In `@src/main/presenter/llmProviderPresenter/index.ts`:
- Around line 401-403: The check uses normalizedMimeType but may be comparing
with mixed-case input (e.g., "Audio/WAV"); ensure normalizedMimeType is created
by lowercasing the incoming mimeType (e.g., normalizedMimeType =
mimeType.toLowerCase()) before performing the startsWith('audio/') validation so
the condition accepts valid audio types regardless of case; update the logic
around the normalizedMimeType variable where the MIME is validated in the LLM
provider presenter (the block that throws Error(`Invalid audio MIME type for
transcription: ${mimeType}`)) to use the lowercased value.

In `@src/renderer/src/components/chat/composables/useAudioRecorder.ts`:
- Around line 88-95: mediaRecorder.onstop currently calls options.onRecorded
even after cleanupRecorder()/cleanup() has run, which can emit stale callbacks;
fix by adding a disposal guard: introduce and set a local boolean flag (e.g.,
isDisposed or isActiveRecording) that cleanupRecorder()/cleanup() flips to true,
and in mediaRecorder.onstop check the flag before invoking options.onRecorded
(or alternatively null out options.onRecorded in cleanup and guard for its
existence in onstop); reference mediaRecorder.onstop, cleanupRecorder(),
cleanup(), and options.onRecorded when implementing the guard.

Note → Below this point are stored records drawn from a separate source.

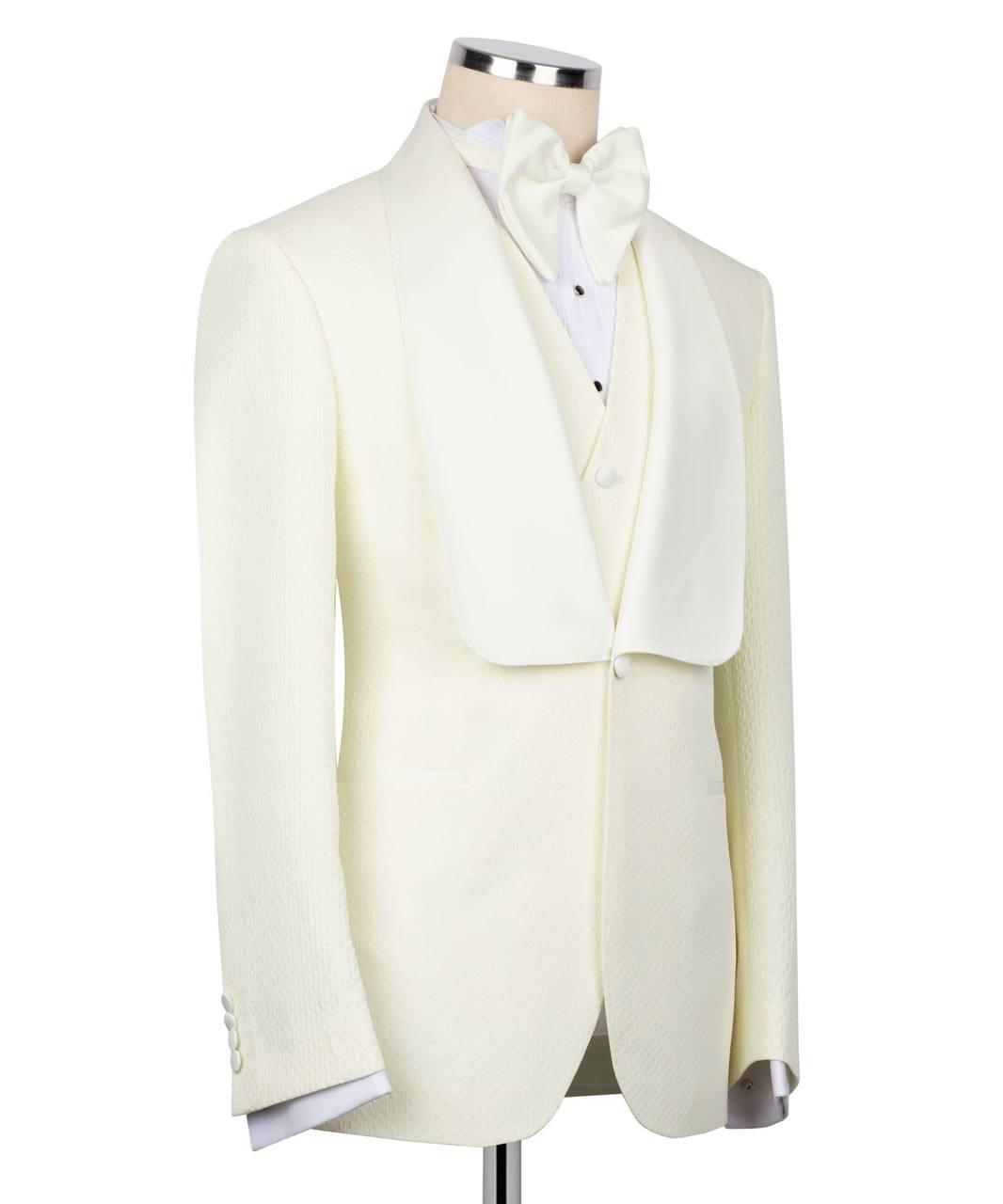 White tuxedo jacket on a mannequin against a white background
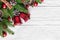 Christmas holiday composition with fir tree, christmas bells, berries and pine cones on white wooden background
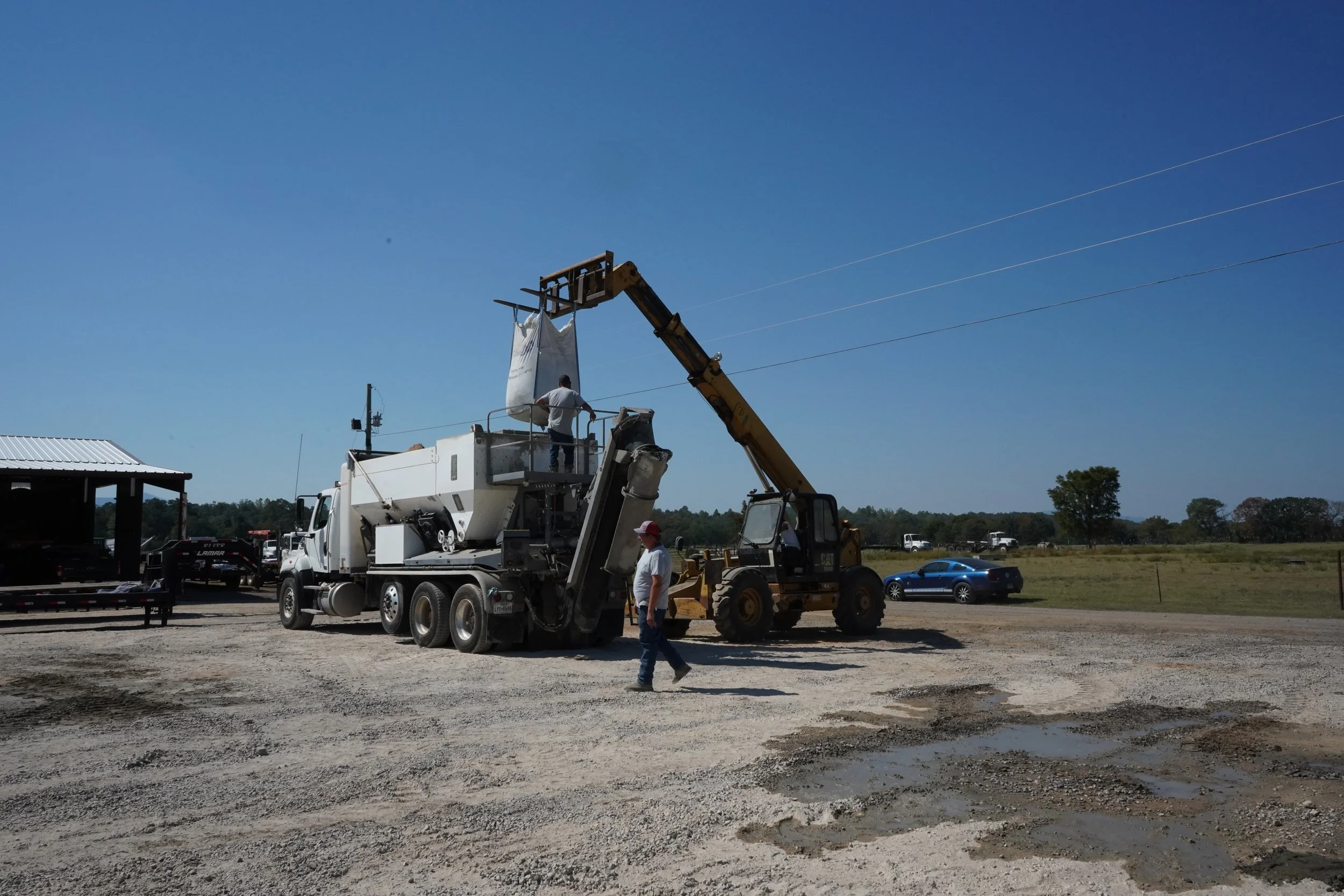 Sirron field technicians safely managing bulk material distribution into a supply truck under a clear sky.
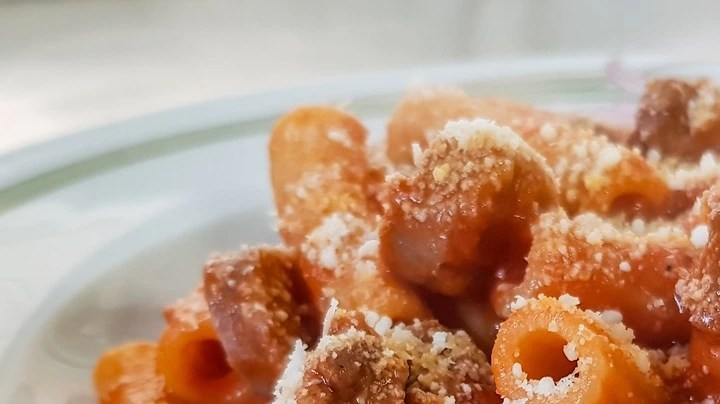 Plato blanco hondo con pasta rigatoni con chorizo y queso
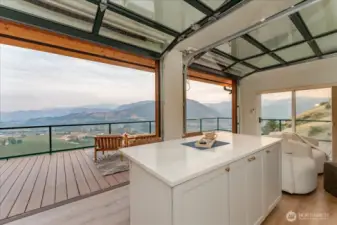 Roll-up garage doors in ADU to soak in the view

In `@src/renderer/src/components/chat/composables/useSpeechRecognition.ts`:
- Around line 100-106: The switch in useSpeechRecognition.ts that inspects
error.message currently groups 'transcription-timeout' with decode failures;
update the switch in the function handling speech errors so that
'transcription-timeout' is not returned as 'decode-failed'—remove it from the
decode-failed case and return a distinct, appropriate error key (e.g.,
'transcription-timeout' or 'timeout') in the switch's default/own case so
callers of the composable (useSpeechRecognition) can distinguish timeout vs
decode failures.

In `@src/renderer/src/i18n/fa-IR/settings.json`:
- Line 427: In the fa-IR translation entry (the JSON description string
currently reading "مشخص می‌کند آیا این مدل ورود صوتی با تبدیل محلی گفتار به متن
را مجاز می‌کند یا نه."), replace the phrase "ورود صوتی" with "ورودی صوتی" so the
description reads with the correct wording for "voice input" and matches other
feature labels; update the value for the same "description" string in
settings.json accordingly.

In `@src/renderer/src/i18n/ru-RU/chat.json`:
- Line 71: The message for the JSON key "audioInputUnsupportedDescription"
contains the pseudo-plural "аудиовложение(й)"; replace that with a neutral,
natural Russian phrase that works for any count (for example, use "аудиофайлы"
or "аудиозаписи") so the string reads smoothly: "Модель {model} не поддерживает
аудиоввод. {count} аудиофайлы были пропущены." Update the value for
audioInputUnsupportedDescription accordingly.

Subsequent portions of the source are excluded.